Thermostatic politics is the political science term for how the public predictably reacts to changes in government spending, say for defense or education, by adjusting its “thermostat” in the opposite direction. If spending gets too "hot," the public will "cool" down and express a desire for less spending relative to the current level, and vice versa.
Part of doing politics as an elected leader, the literature on the thermostat says, is figuring out the tough math of how much the public’s preferences for relative changes in spending trade off with their preferences for absolute levels of spend. The public may say it wants “hotter” defense spending, but does than mean a $200 billion increase or $200 million? And does that satisfy their desires for a strong military, and the funding required to accomplish that goal?
Or, to make this more relevant: When the public tells you it wants a secure border and to deport violent criminal illegal immigrants, does that mean you only deport violent criminals, or do you include legal residents with children and no criminal records, too? When the country elects you to do a 2017-2019 economy again, do you ease supply pressures and incentivize building to bring prices down, or do you nuke the dollar and 40% of container traffic with China? Ah, choices…
Usually, thermostatic politics is invoked when discussing spending or mass trust in the parties to handle any issue. But I would posit that here, we may be seeing a thermostatic reaction on issue salience/party prioritization, too. Now that a Republican is in the White House, the thinking might go, the average Republican may be less worried about issues they trust Republicans more to handle, and more concerned about Democratic-leaning ones. Under this theory, around periods of political change (including changes in the party that controls the White House, House, and Senate), we should naturally see a decrease in salience for the issues that the new incumbent leads on, and an increase in the salience of issues on which the public trusts the opposition more.
That's just a theory, though. And when you're coming up with theories, it usually helps to focus on clean mechanisms with lots of data. There is of course a cleaner explanation right now, one that the Ockhamites will favor, and that is simply this: Trump badly mismanaged trade and the economy and deported people the public didn't want deported, so now they are worried about the economy and less worried about him deporting the other people they originally wanted him to deport. Executive overreach has the people signaling for cooler policy.

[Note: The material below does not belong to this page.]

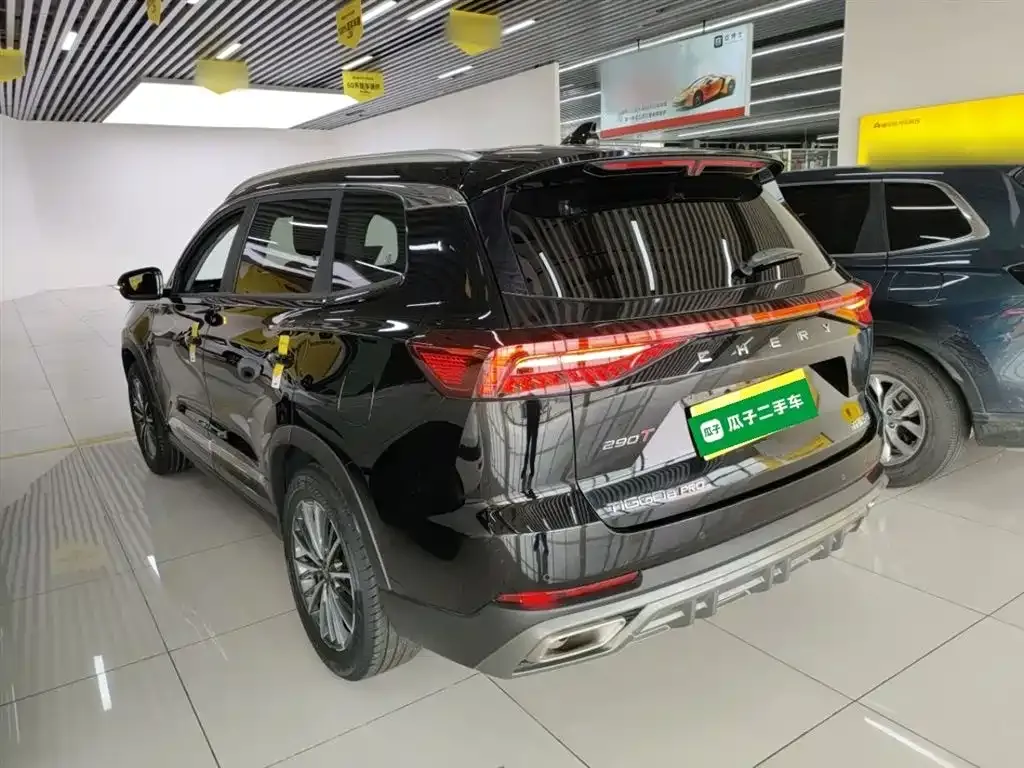 Chery Tiggo 8 PRO 2023 из CN, фото 6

The upshot of that is also pretty straightforward. The shift in issue approvals and salience gives Democrats a lot of room to maneuver on both the economy/inflation, where they lead and where the public is paying a lot of attention to Republicans' missteps, and on immigration, where Democrats have a smaller lead but where salience has also fallen.
Based on these data, I think Trump has had the worst first 100 days for a president ever — even worse than in his first term. And these trends show no sign of improving on their own.
GEM: Your issue-salience analysis is especially interesting today. Thanks for including it.
Thanks Elliott, very interesting!Have you calculated PSA over multiple years and presidencies? In particular, do you have the same calculations at the beginning of Trumps first term, heading into 2018 / 2022 midterms and into 2020 / 2024 general elections?